しおりを挟むお城をでて、乗ってきたヴァンブリード家の馬車を探す。ナイフで刺された腹部はまだ痛むが、動けないほどではない。
「アリーチ様。」
後ろから妙に聞き覚えのある声がして、振り返る。
「あ!」
するとそこには、生まれ変わる前の私、ラウラ・アップルが立っていた。銀色の髪に、水色の瞳のラウラ。まじまじと自分を見るのは初めてで、なんだか恥ずかしくなってくる。
「アリーチ様……ご無事で何よりです。」
ラウラの姿をした女性は、丁寧な口調で私に言った。心配そうな口ぶりで私を見つめるラウラにはきっと、私ではない誰かの人格が入っているんだろう。
その誰かの予想はできている。
「そっちこそ……えっと、その、うまく伝わるかわからないんだけど……あなたは誰?」
単刀直入に尋ねた。私とラウラが話している様子を皆がちらちらとうかがっている。あまり長い事話している時間はなさそうだった。
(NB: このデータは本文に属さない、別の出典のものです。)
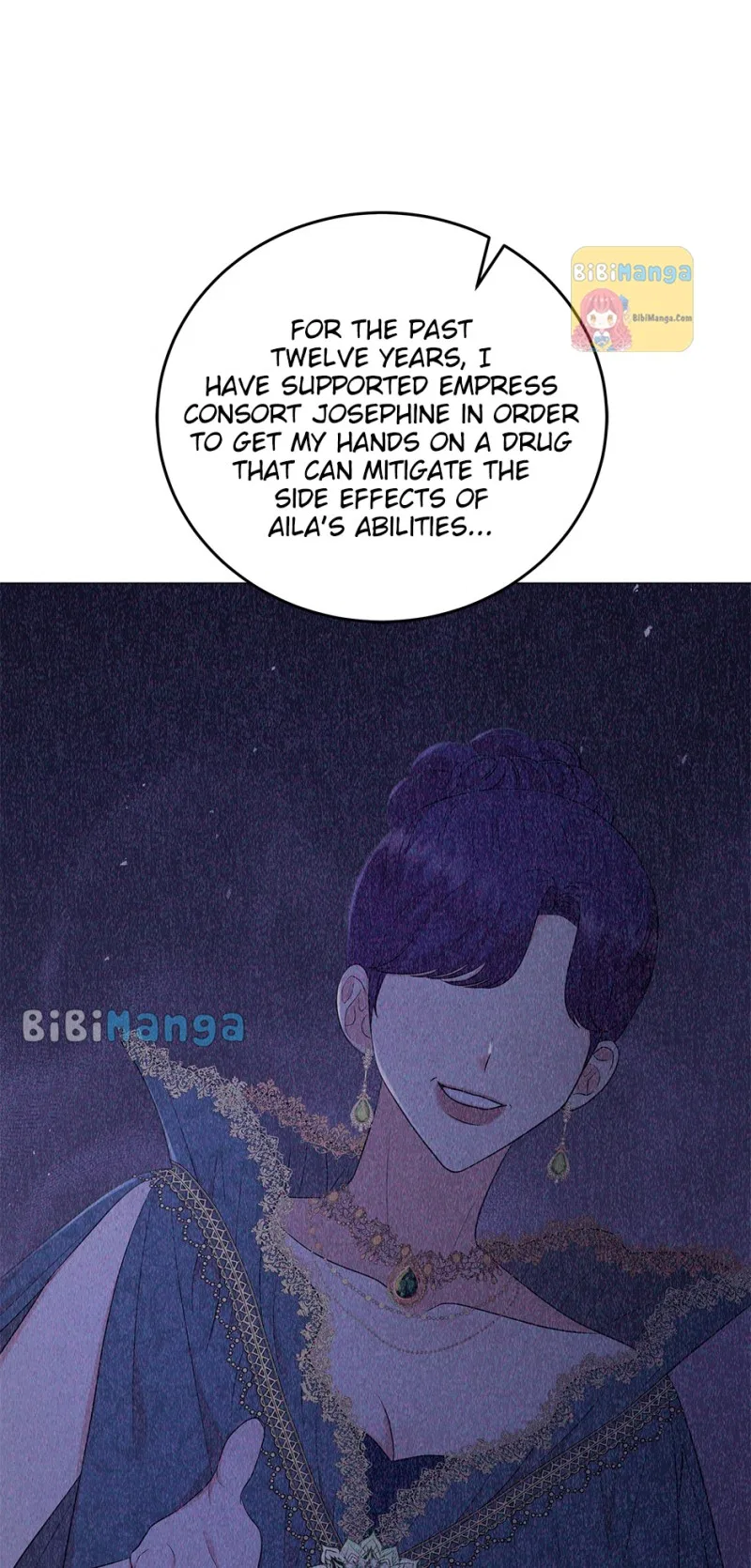 Resigning as the Villainess Chapter 66 – Page 79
「私は……もともとアリーチだったわ。貴方は……ラウラかしら?」
ラウラは微笑んで答えた。
「やっぱり……。」
何故だかわからないけれど、私の人格がアリーチの体に入り、アリーチの人格は私、ラウラの体に入ったんだ。
「婚約破棄されたと聞いたわ。可哀そうね……。」
ラウラは目を細めて馬鹿にした口調で私に言った。
――ああ、性格の悪さは変わらないのね。
「ラウラに戻りたいんでしょう?」
私は肩をすくめた。どうやら、彼女は私がアリーチになったことを悲しんでいると思っているらしい。
「全然、戻りたくないよ!」
「え……?」
ラウラが目を見開いた。
――あなたが思うほど、ラウラとしてエドウィ城にいるのは楽しくなかったよ。さんざん、貴方にいじめられたからね。
「これで万事解決だね!私はアリーチとして、楽しく過ごそうと思うよ。」
私の言葉に、ラウラはにやりと笑った。
「まぁ、素敵。ありがとう。このことはわたくしたちだけの秘密ね。」
「もちろんだよ。」
深く頷く。
――まぁ、言ったところで誰も信じないと思うけど。
「次、邪魔したら、容赦はしないわよ。」
ラウラは私を恐ろしい目で睨みつけた。この女は本当に何でもしそうで恐ろしい。
「リッカルドに近づかないって誓うよ。」
「良い子ね。約束よ。」
そう言って念を押すラウラを見ていると、笑いがこみあげてくる。
容赦はしないと、ラウラは言ったけれど、ラウラ・アップルはただの孤児で味方は一人もいない。そのことに彼女は気づいているのだろうか。
「その……リッカルドとお幸せにね!」
こみあげてくる笑いに気づかれないように、私はラウラに背を向けた。
「貴方に言われなくたって、今度こそリッカルドと幸せになるわ。貴方に邪魔をされなければ、私たちは上手くいくに決まっているんだから。」
「……う、うん。」
ラウラを見ていると不安になってきた。
リッカルドとラウラは上手くやっていけるんだろうか……。二人の仲がこじれて、やっぱりアリーチと婚約、なんて事態は絶対に避けてほしいんだけど。
「幸せだわ。もう私は、婚約破棄された可哀そうな令嬢じゃないの。次はあなたがその苦しみを味わう番よ。」
恐ろしい目で私を睨みつけるラウラから、逃げるように私はその場を去った。